Repo
https://github.com/s3603075/ai-a2/
The base project was forked off
https://github.com/s3603075/ai1901-connectfour
Minimax was used to develop an AI for connect 4. The minimax agent is an algorithm used to compute the most optimal move for a player by weighing its score against an opponent’s move, who will try to ‘minimise’ a player’s position and depending on the depth and power of the computing machine, will continue to look for the most optimal position alternating in min, max. In short, it tries to look into the future to play x amount of moves to calculate the most optimal position to take.

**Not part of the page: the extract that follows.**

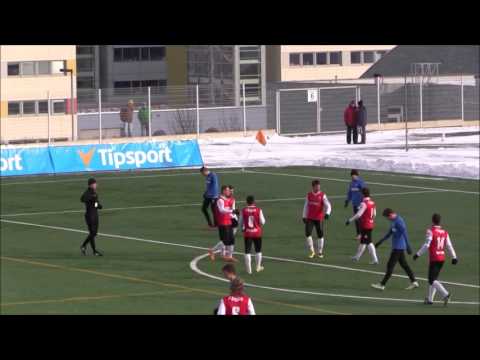 Sestřih, Tipsport liga: Zbrojovka - Pardubice (0:5)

In my implementation of the connect four agent, the minimax function was used and adapted in conjunction with my heuristic function, which calculated the scores for a particular position in the future, and alpha beta pruning. The initial function, get_move(), initiates the minimax function by looping through the available valid moves and simulates a piece being placed into a position for analysis. The minimax function continues this until it reaches a certain depth, which then the score for the functions are evaluated by choosing the highest score (for a maximising player).Using the minimax function was somewhat adequate, but slowed increasingly even at a depth of one or two. Thus I used alpha-beta pruning to speed up the evaluation process of the minimax algorithm.

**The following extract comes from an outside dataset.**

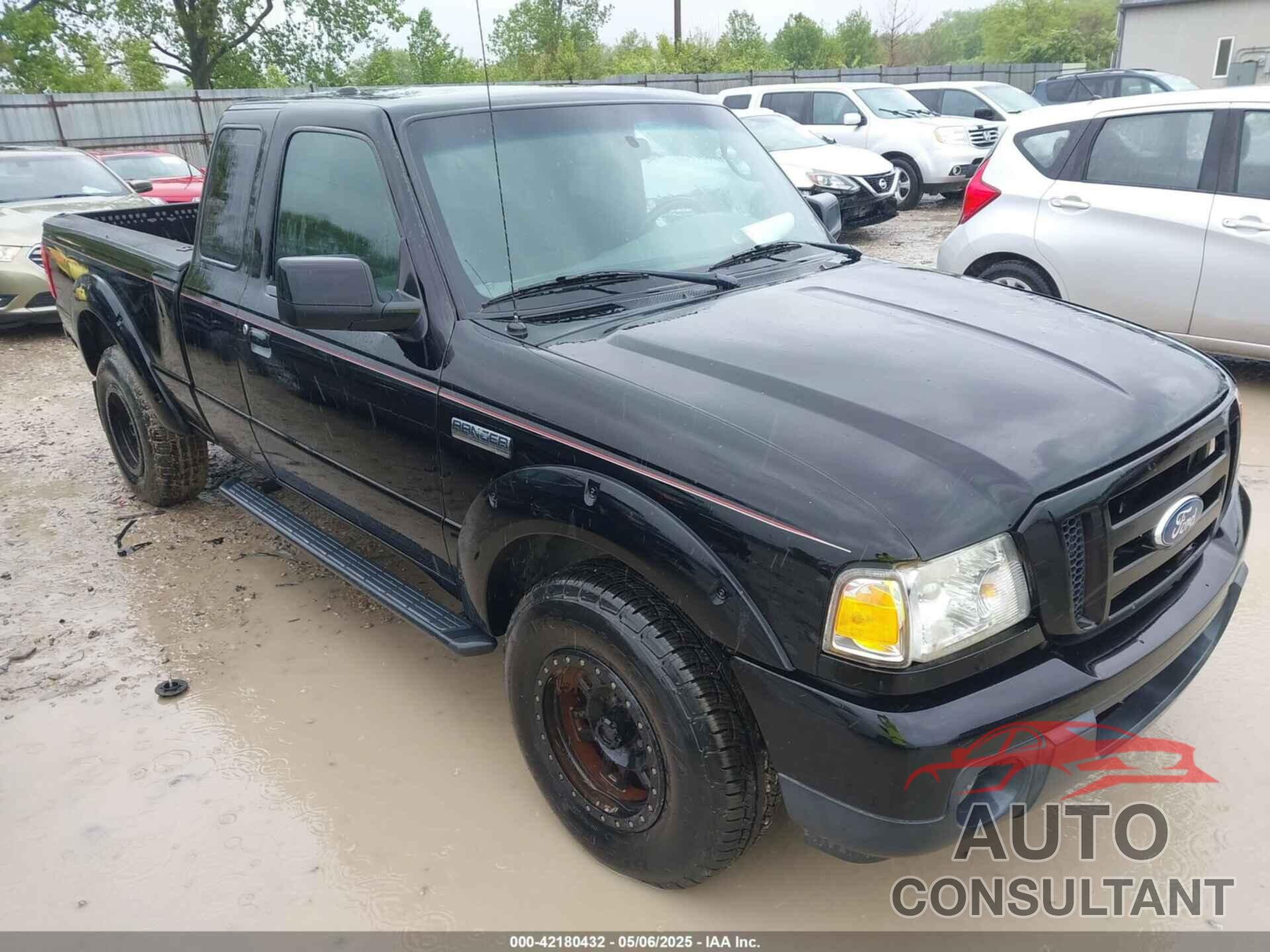 FORD RANGER 2011 - 1FTKR1EE8BPB04948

Alpha-beta pruning is used as an optimisation to the minimax algorithm, where some branches in a tree are discovered and each value is placed into either an alpha or beta value. These values are then compared to each other (beta <= alpha) and if true, will break from discovering more branches, due to already finding the minimum or maximum value. Implementing this change help speed up my agent drastically as evidently there were a lower amount of branches that needed to be discovered, which translates to fewer valid moves needing to be simulated.
The heuristic used to assist the minimax function is very simple: analyse for each row, column and diagonal positions the amount of spaces taken by either a player or opponent, in a group of four (or any other number to win). For example, a row contains seven slots ([1,2,3,4,5,6,7]) and the amount of spaces needed to win is four. The array with the seven slots is analysed for each four piece position. ([1,2,3,4], [2,3,4,5], [3,4,5,6]). This is done for each row on the board. This heuristic was adequate, except the agent in the first two moves would generally place the piece on the side position, which in connect four is a bad position as there are very few options for a connect four, only having a upwards diagonal, horizontal and vertical positions for a win. Thus a different weight would need to placed on more central positions.

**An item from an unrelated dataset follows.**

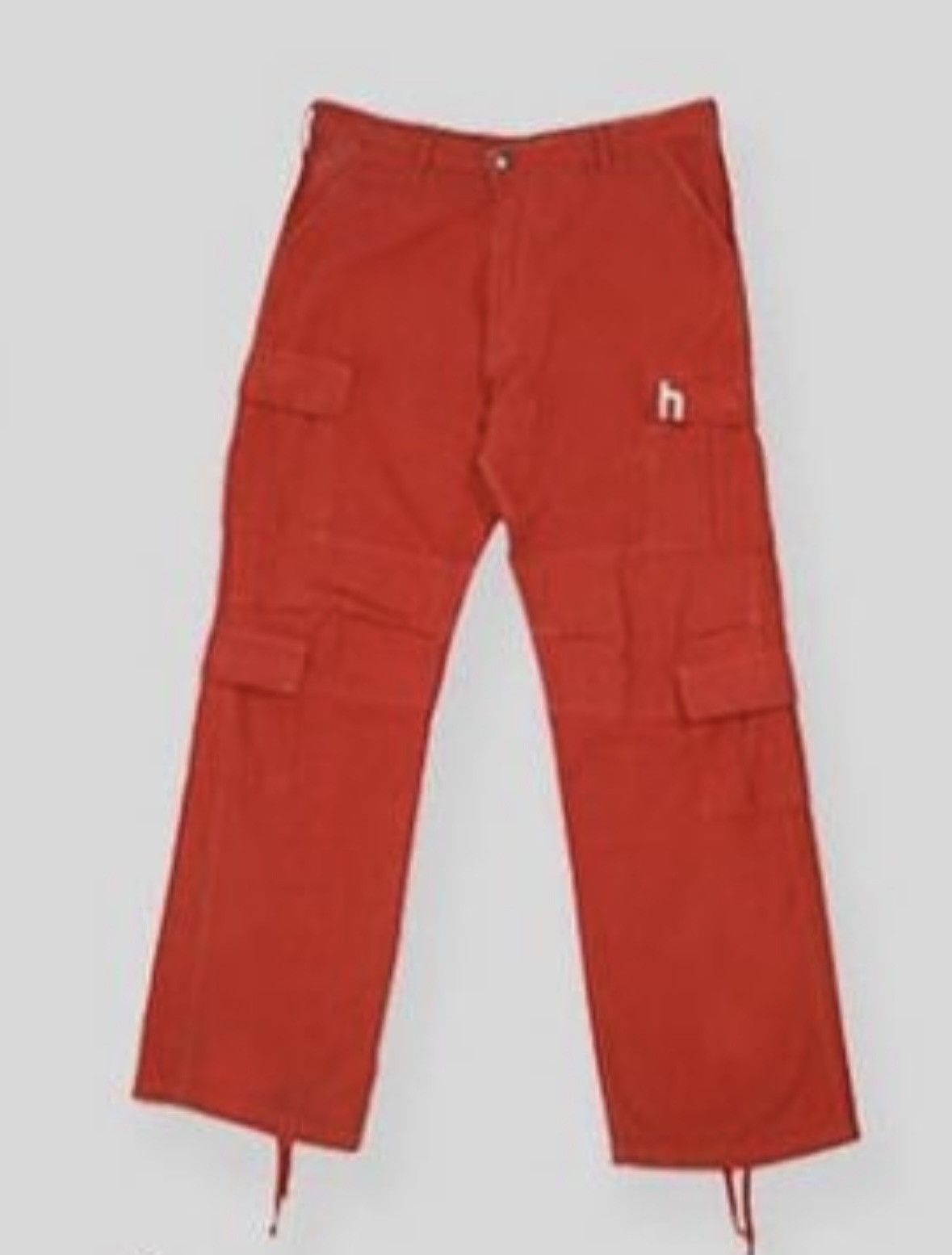 image of Holiday Brand Cargos in Red, Men's (Size 30)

Another aspect added to the heuristic was weighting towards more central positions. Initially the heuristic did work well against the other random and Monte-Carlo agents, however in connect four generally a winning position will comprise of a player gaining as many central positions as possible. It creates a higher chance of winning as there are multiple diagonal and horizontal winning positions, and if both players played perfectly, the first player to place a piece in the middle position is guaranteed a win.
In choosing the weights, the best position a player would be in (that is not a winning position) would be three in a row. Therefore the highest weighting was put on this condition first. The opposite, an opponent having a three in a row, a defensive piece would be the lowest weight since the opponent would be minimising the player’s move.
Overall, the agent plays relatively strongly. As minimax determines the next move in the future that the opponent or player may make, alpha beta pruning speeds up the process. The heuristic used is slow, but will analyse every position and give an appropriate weight that should help the minimax function make the correct decision.
Weaknesses:
The agent has a low depth, which could be caused by the machine that it was coded on (a very low power CPU) which means it cannot see as far ahead into the future as other agents, which would put it at a major disadvantage. This could have been improved by using other optimisation techniques to further improve the speed of which it could perform the heuristic, such as using a transposition table to cache moves, or implementing iterative deepening to increase the depth.
Possible improvements could be done to the heuristic function, as there tends to be many other rules and complexities associated with perfect games of connect 4. There are moves that are non-threatening or threatening, depending on the situation of the game that the heuristic cannot foresee and will attempt to place a piece in a non-optimal position.
A hash table can be used to speed up my heuristic function. In its current form it is quite slow, and would get slower the more rows and columns the game has. Each evaluation of a row or column has a big-O of x^2.